The marginal position of the jīva soul is described in the Nārada Pañcarātra:

yat taṭa-sthaṁ tu cid-rūpaṁ
 sva-saṁvedyād vinirgatam
rañjitaṁ guṇa-rāgeṇa
 sa jīva iti kathyate

“The taṭa-stha potency should be understood as emanating from the Lord’s saṁvit [knowledge] energy. This emanation, called the jīva, becomes conditioned by the qualities of material nature.” Because the minute jīva lives within the margin between the Lord’s external, illusory potency, Māyā, and His internal, spiritual potency, cit, the jīva is called taṭa-stha, “marginal.” When he earns liberation by cultivating devotion to the Lord, however, he comes completely under the shelter of the Lord’s internal potency, and at that time he is no longer tainted by the modes of material nature. Lord Kṛṣṇa confirms this in Bhagavad-gītā (14.26):

māṁ ca yo ’vyabhicāreṇa
 bhakti-yogena sevate
sa guṇān samatītyaitān
 brahma-bhūyāya kalpate

“One who engages in full devotional service, unfailing in all circumstances, at once transcends the modes of material nature and thus comes to the level of Brahman.”

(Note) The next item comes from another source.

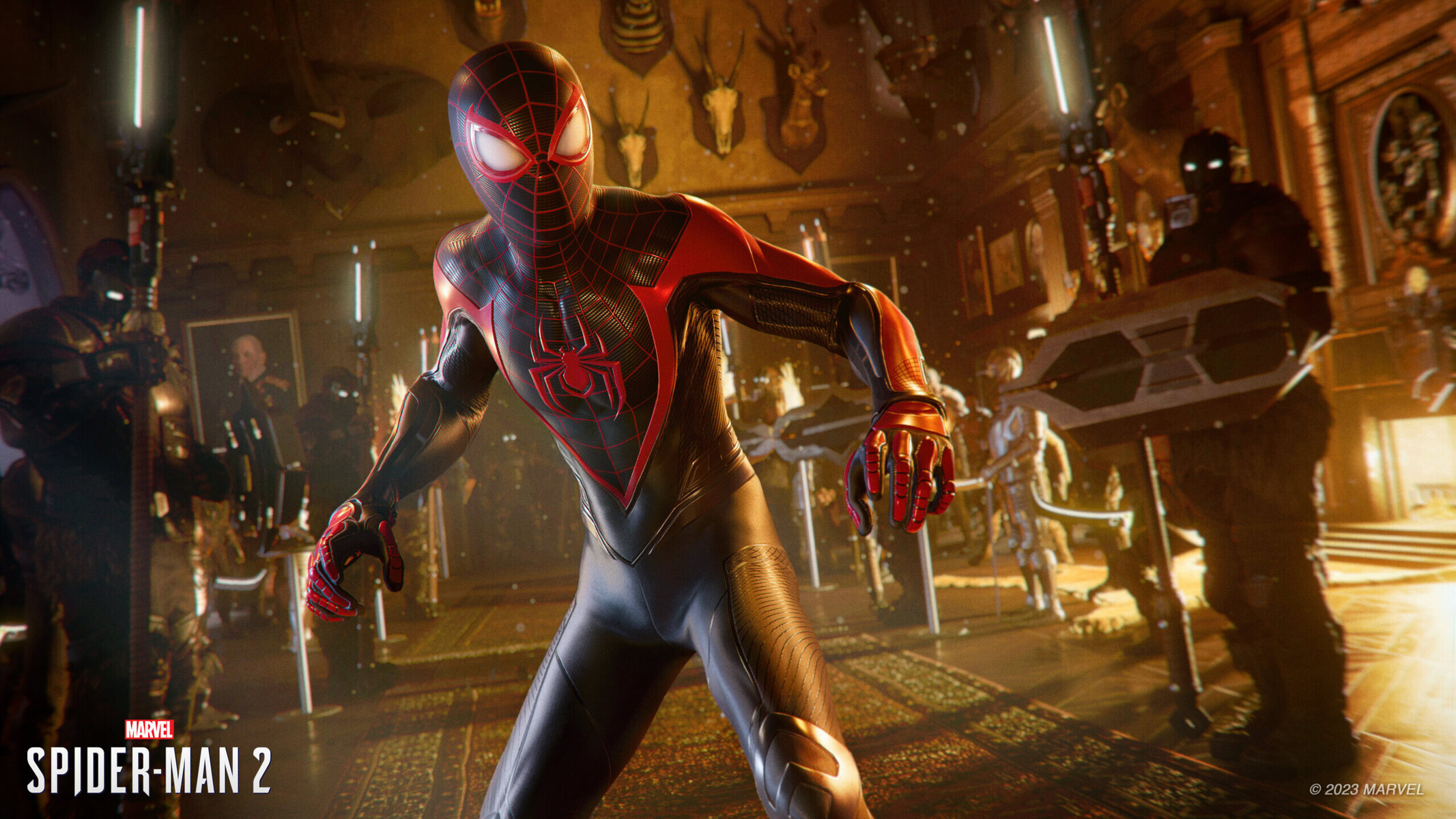 Marvel's Spider-Man 2 set for a September release, according to Venom actor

The object of the soul’s worship is realized in three aspects: Brahman, Paramātmā and Bhagavān. Impersonal Brahman is like the radiant effulgence of the sun; the Supersoul, or Paramātmā, is like the sun globe; and the Personality of Godhead, Bhagavān, is like the presiding deity within the sun, complemented by his elaborate entourage and paraphernalia. Or, to cite another analogy, travelers approaching a city from a distance cannot at first distinguish its features but rather see something vaguely shining ahead of them. As they come closer, they may discern a few of the taller buildings. Then, when they are sufficiently close, they will see the city as it is — a bustling metropolis with many citizens, residences, public buildings, highways and parks. In the same way, persons inclined to impersonal meditation may at best gain some realization of the Supreme Lord’s effulgence (Brahman), those who approach closer can learn to see Him as the Lord in the heart (Paramātmā), and those who come very close can know Him in His full personality (Bhagavān).

In summary, Śrīla Śrīdhara Svāmī prays:

saṁsāra-cakra-krakacair vidīrṇam
 udīrṇa-nānā-bhava-tāpa-taptam
kathañcid āpannam iha prapannaṁ
 tvam uddhara śrī-nṛhare nṛ-lokam

“O Śrī Nṛhari, please deliver those human beings who have suffered all kinds of torments and been ripped apart by the sharp edge of saṁsāra’s wheel but who have now somehow found You and are surrendering themselves unto You.”